**Your instructions**
Give back exactly the lines from the one holding "Sacos do cannabis" to the bottom of the material, both included, and nothing more. No pictures.

**Supplied information**
________________

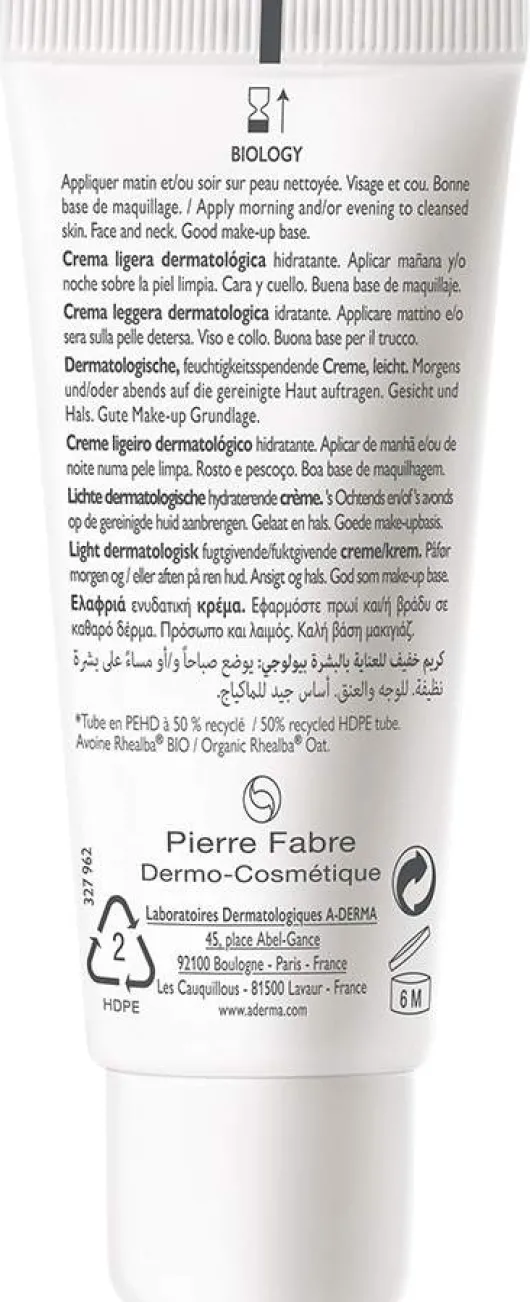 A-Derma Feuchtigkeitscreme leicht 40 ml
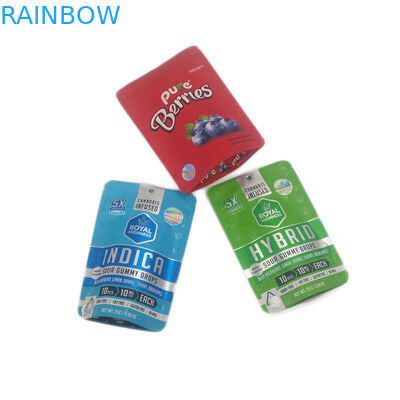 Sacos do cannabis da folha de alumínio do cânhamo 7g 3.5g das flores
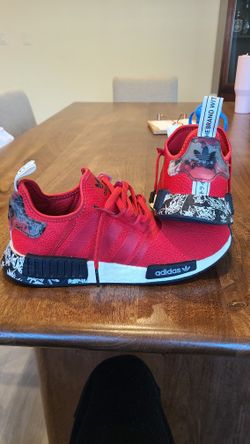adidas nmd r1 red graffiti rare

________________

**Completed exercise**
 Sacos do cannabis da folha de alumínio do cânhamo 7g 3.5g das flores
adidas nmd r1 red graffiti rare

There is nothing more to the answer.